▸ **WORK ITEM**:
Extract exactly the lines from the top of the records through the line containing "Beko BFFD4577 (59)", and keep pictures out of the copy.

------ THE DATA

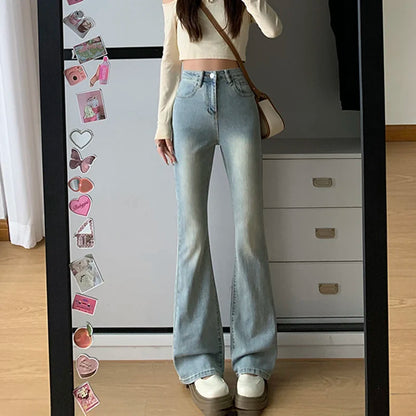 Women's High-Waist Flare Jeans – Stretch Bell Bottom Denim Pants
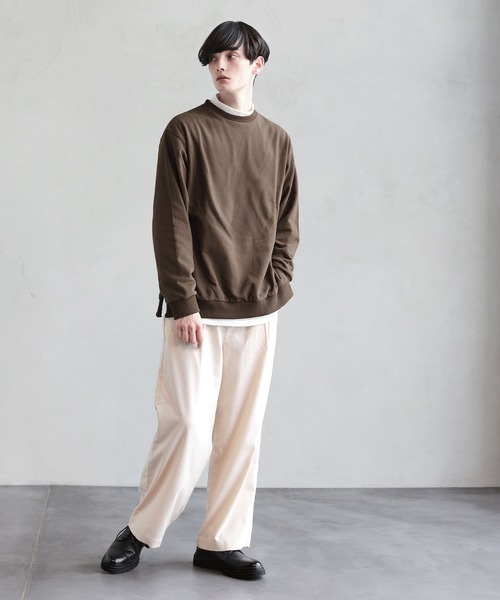 ビッグシルエット サイドジップ クルースウェット モックネック 長袖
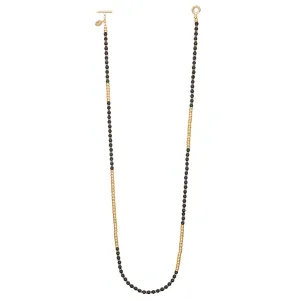 Black Agata Stone Beaded Necklace with 18K Yellow Gold beads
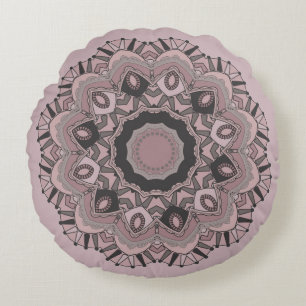 Seamless abstract ornamental pink blush black deco round cushion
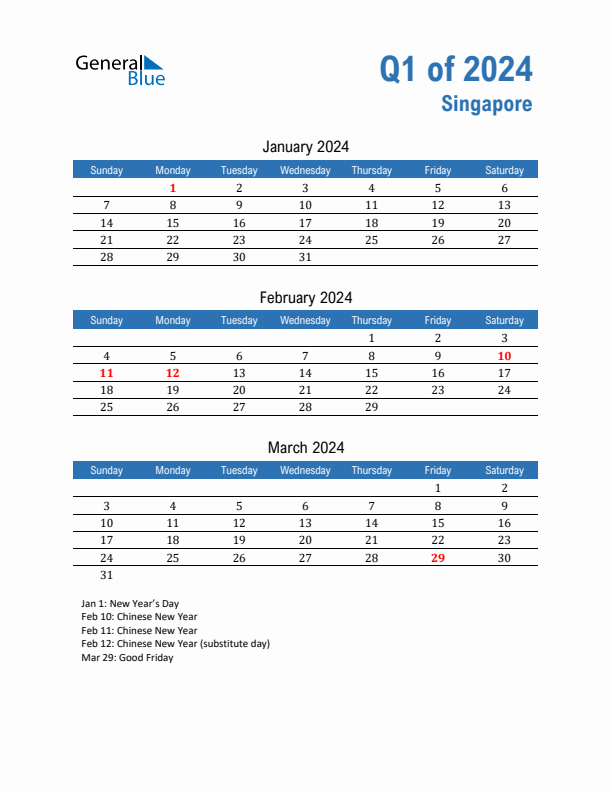 Singapore Q1 2024 Quarterly Calendar with Sunday Start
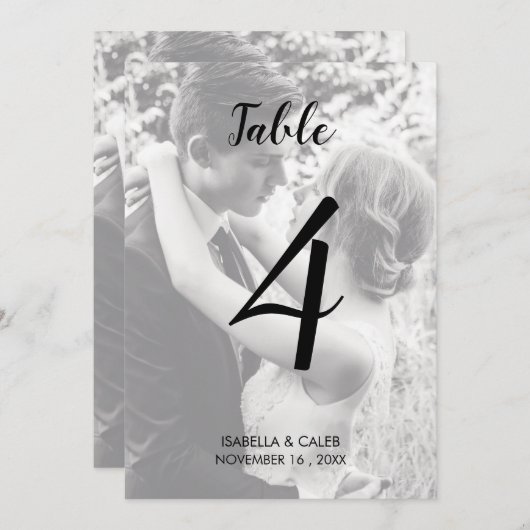 Custom Foto Wedding Tischnummer (Vorne/Hinten)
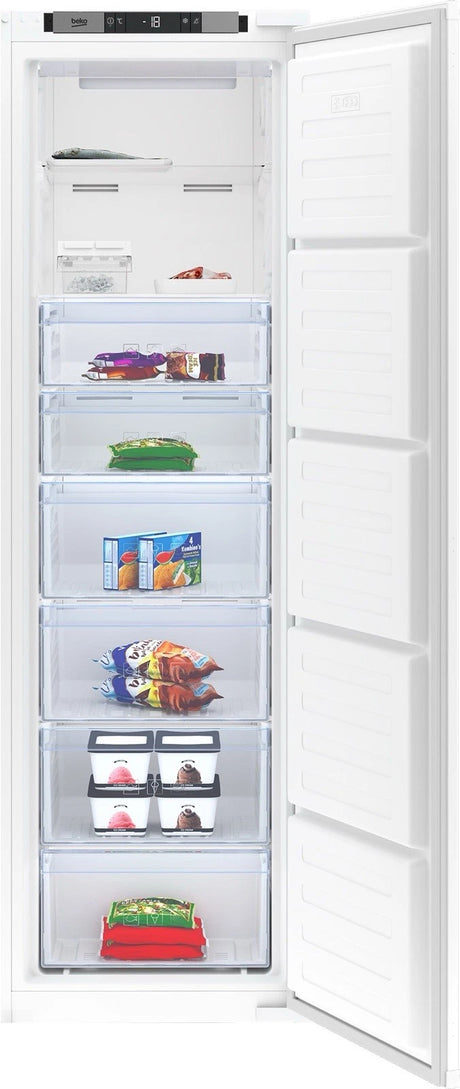 Beko BFFD4577 (59) 178cm Integrated Frost Free 220L Tall Upright Freezer with Sliding Hinge - E Rated - (Ex display blemished) - HW182559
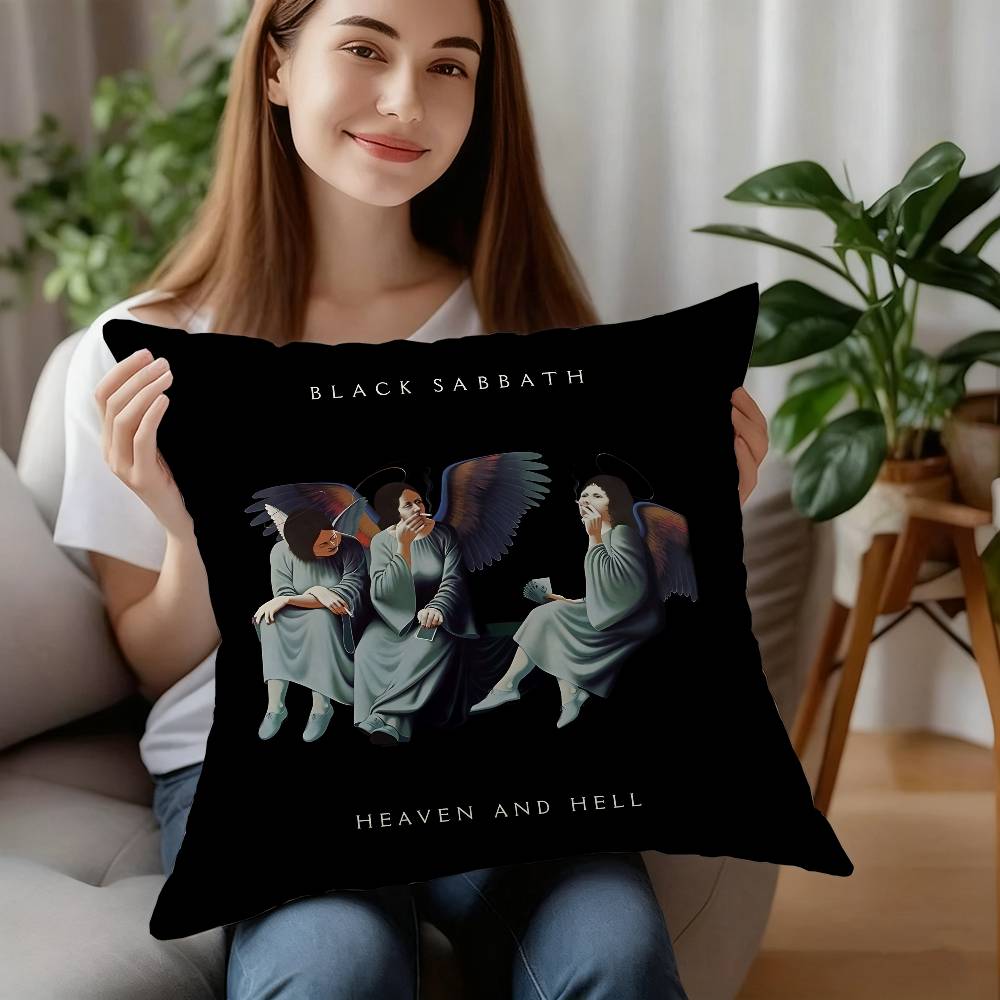 B-Black S-Sabbath Kapela Povlak na polštář Dekorativní na pohovku Domácí Oboustranný tisk Krátký plyšový Polštář Povlak na polštář Sváteční dárek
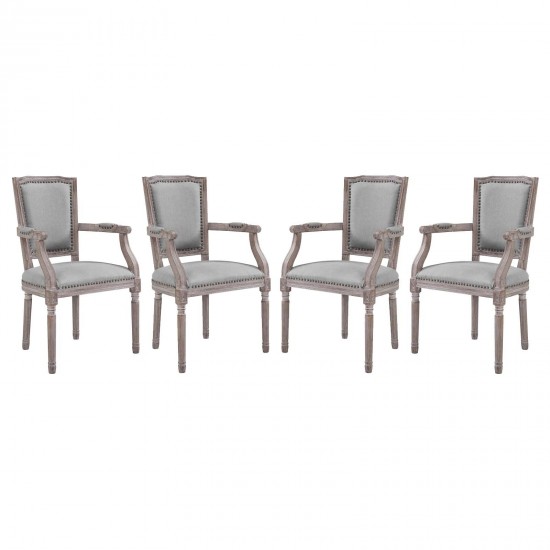 Penchant Dining Armchair Upholstered Fabric Set of 4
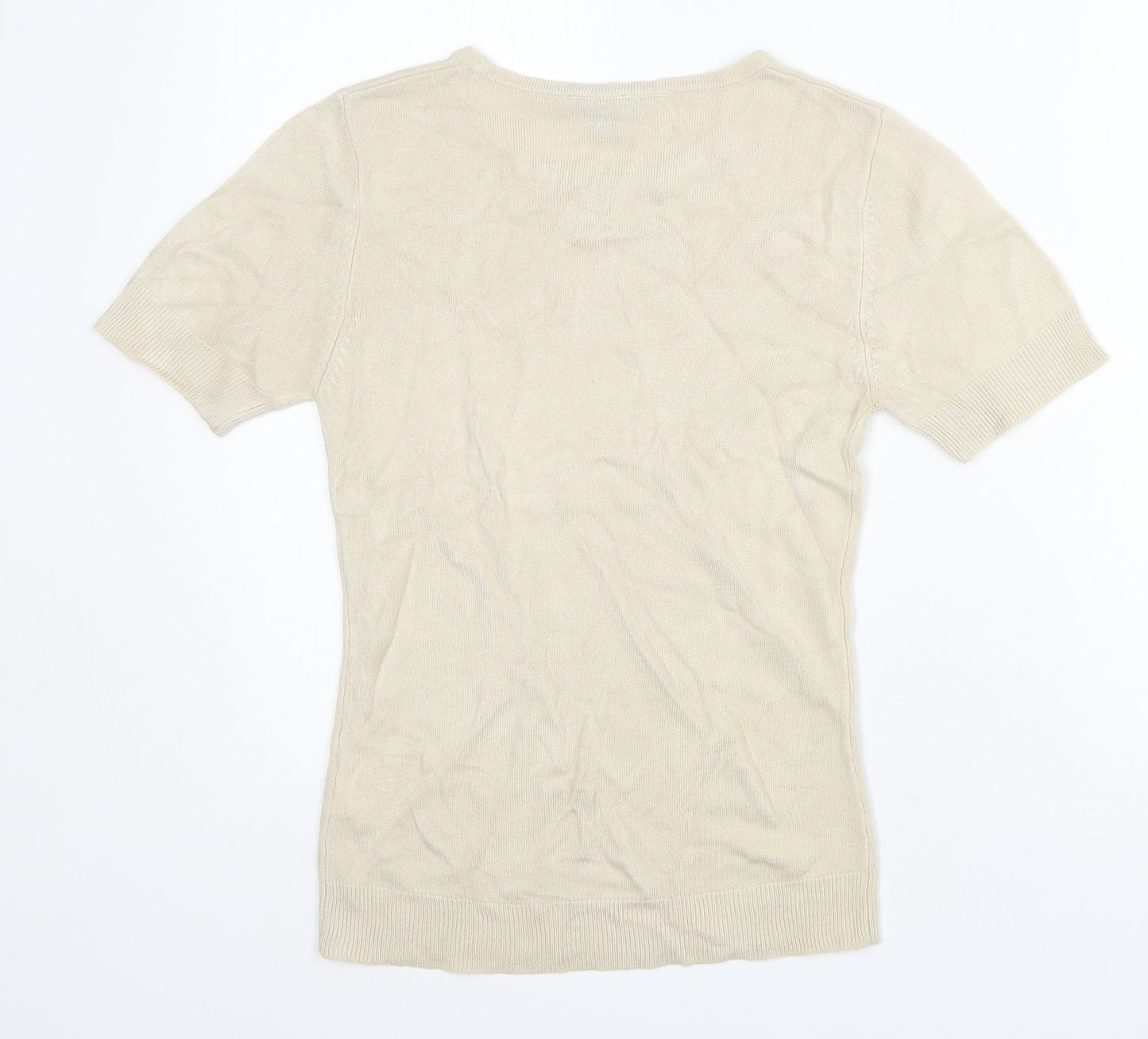 Janique Womens Grey  Acrylic Basic T-Shirt Size 12 Round Neck
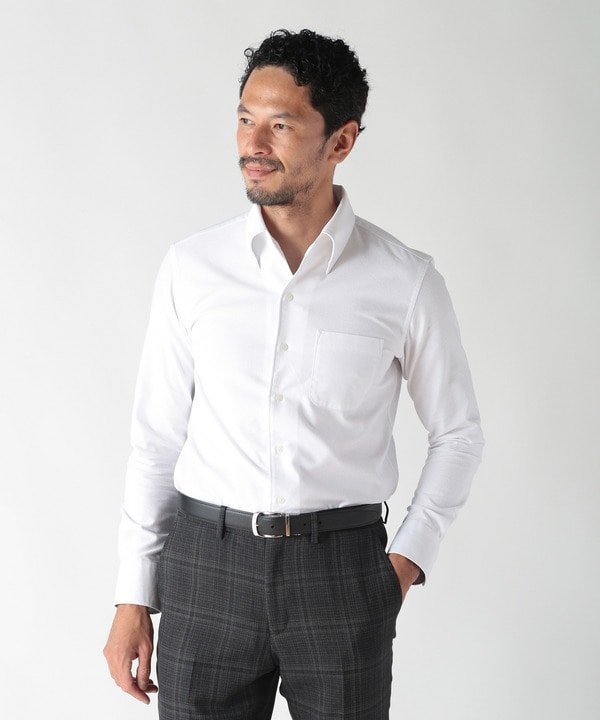 【SALE／30%OFF】MEN'S BIGI 【ACTIVE TAILOR】COOLMAX絡み織ドレスシャツ メンズ ビギ トップス シャツ・ブラウス ホワイト ネイビー【送料無料】
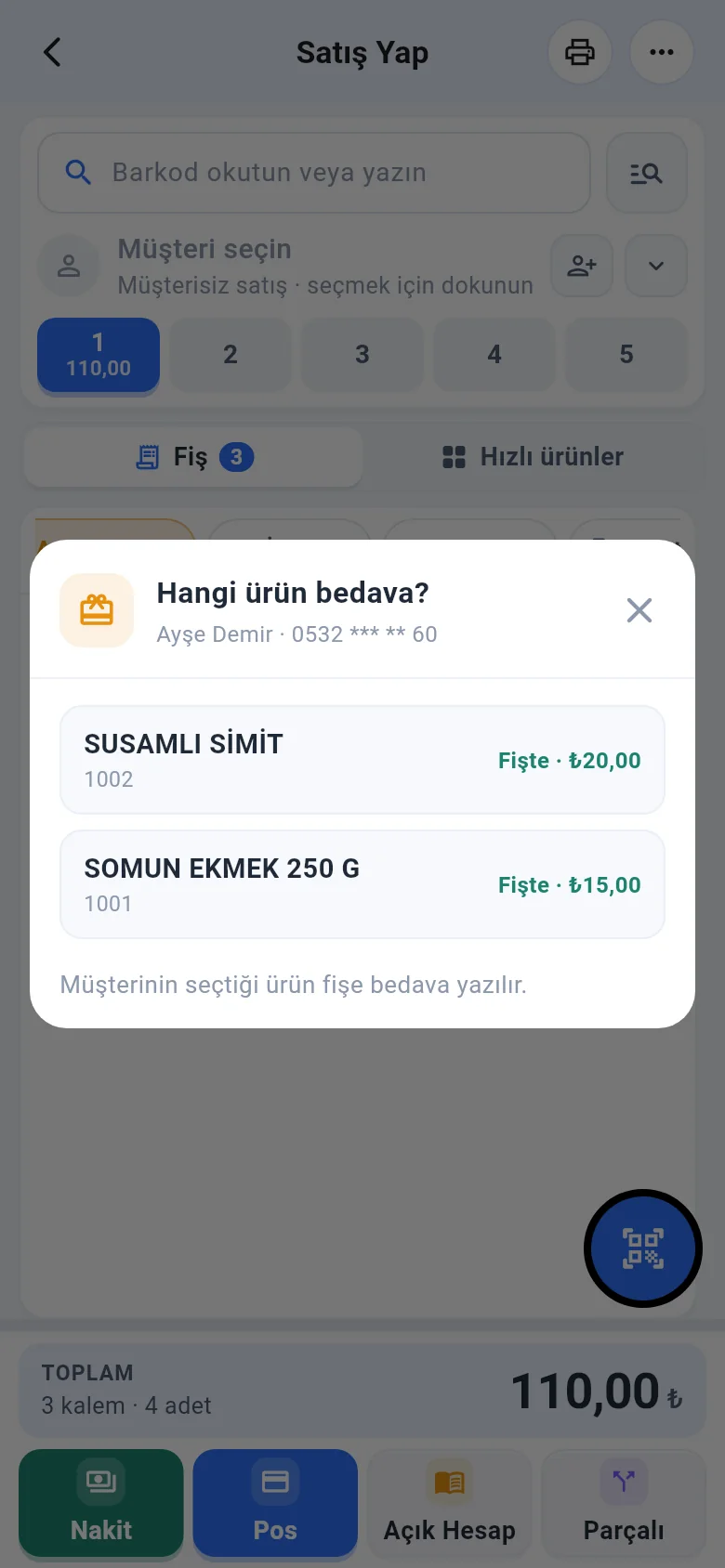 Mobil Hangi ürün bedava? penceresi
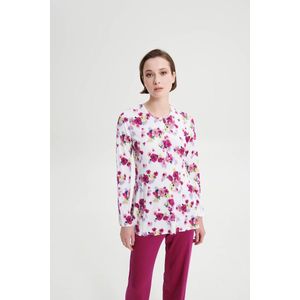 Vamp! Pyjama Dames Volwassenen Micromodal | Lange Mouw Lange Broek | Grote Maten | Fuchsia Berry 19031 XXL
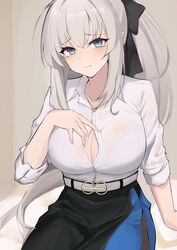  absurdres aqua_eyes arm_at_side belt bingzhi_juzi black_bow black_skirt blush bow bra breasts button_gap cleavage closed_mouth collared_shirt cowboy_shot embarrassed eyelashes fate/grand_order fate_(series) female furrowed_brow grey_hair hair_between_eyes hairbow hand_on_own_chest hand_up head_tilt highres large_breasts long_hair looking_at_viewer morgan_le_fay_(chaldea_satellite_station)_(fate) morgan_le_fay_(fate) multicolored_clothes multicolored_skirt ponytail see-through see-through_shirt shirt sidelocks sitting skirt solo underwear very_long_hair white_belt white_bra white_shirt 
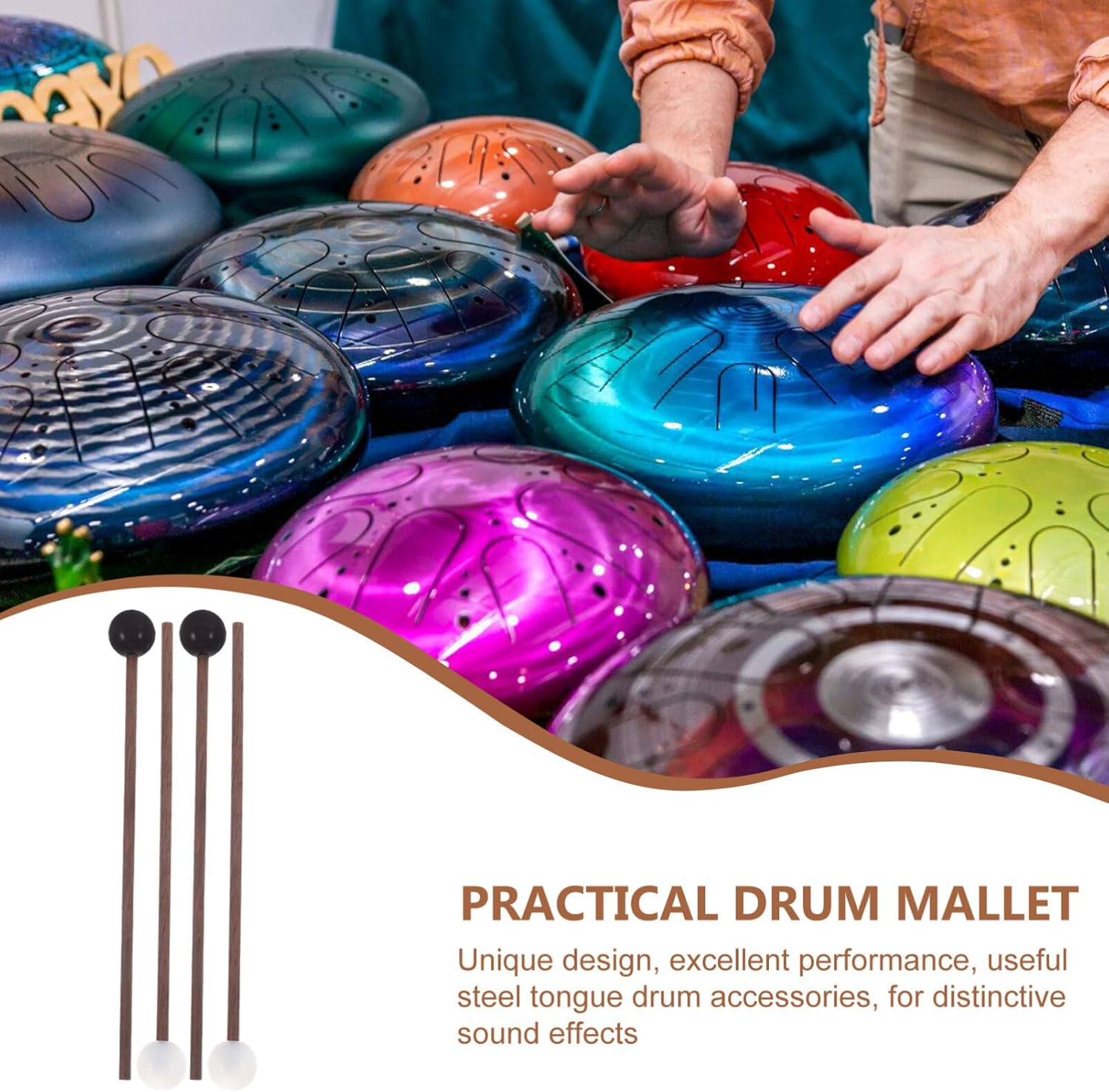 Ifundom Small Steel Tongue Drum Mallets Easy-Grip Drumsticks Rubber Tips for Percussion image number 5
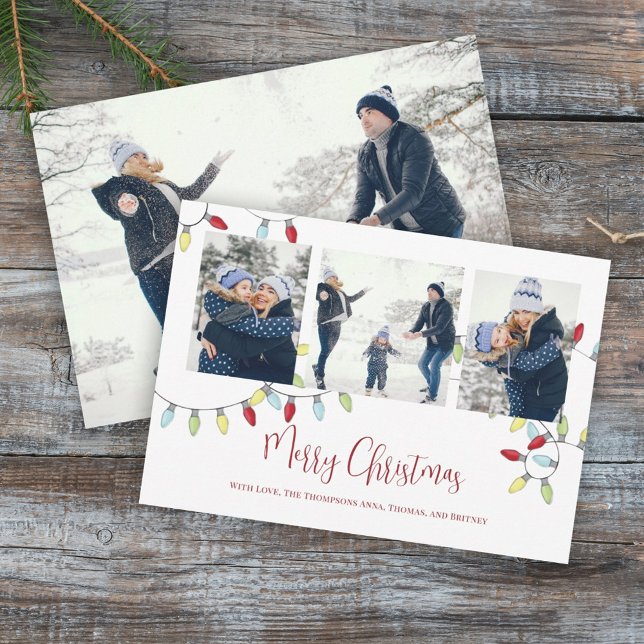 Cartes Pour Fêtes Annuelles Joyeux Noël Joyeux String Lights 4 Photo (Créateur téléchargé)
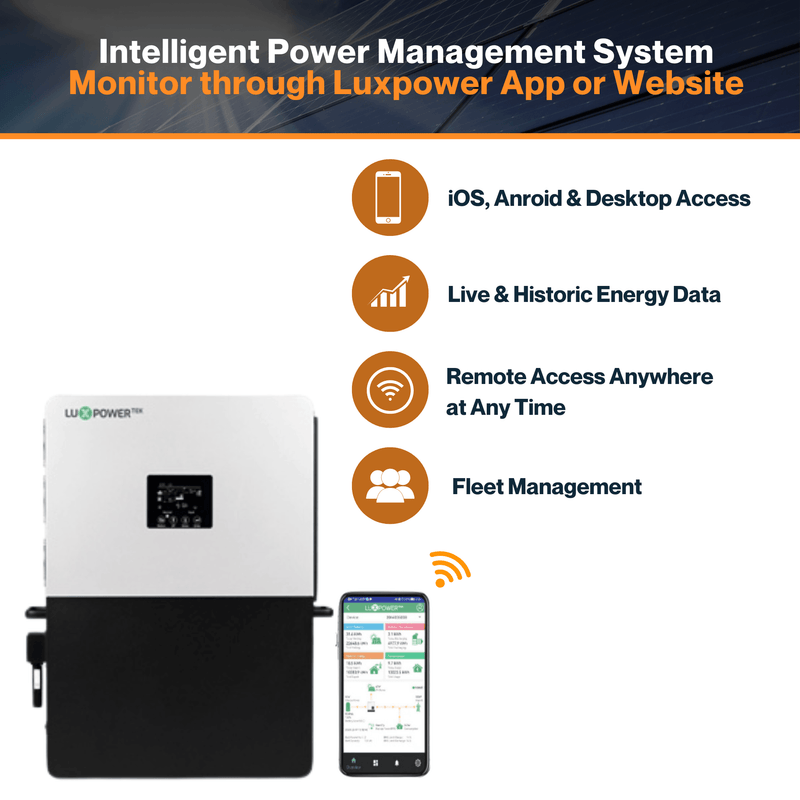 Luxpower SNA-NB-US 6K Hybrid Off Grid Inverter - No Breaker | 6000XP | 8000W PV Input | 6000W Output | 48V 120/240V Split Phase | W/ Generator Port, Touch Screen LCD, Remote Control Features | UL & CSA Approved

------------

▸ **TASK OUTPUT**:
 Women's High-Waist Flare Jeans – Stretch Bell Bottom Denim Pants
 ビッグシルエット サイドジップ クルースウェット モックネック 長袖
 Black Agata Stone Beaded Necklace with 18K Yellow Gold beads
 Seamless abstract ornamental pink blush black deco round cushion
 Singapore Q1 2024 Quarterly Calendar with Sunday Start
 Custom Foto Wedding Tischnummer (Vorne/Hinten)
 Beko BFFD4577 (59) 178cm Integrated Frost Free 220L Tall Upright Freezer with Sliding Hinge - E Rated - (Ex display blemished) - HW182559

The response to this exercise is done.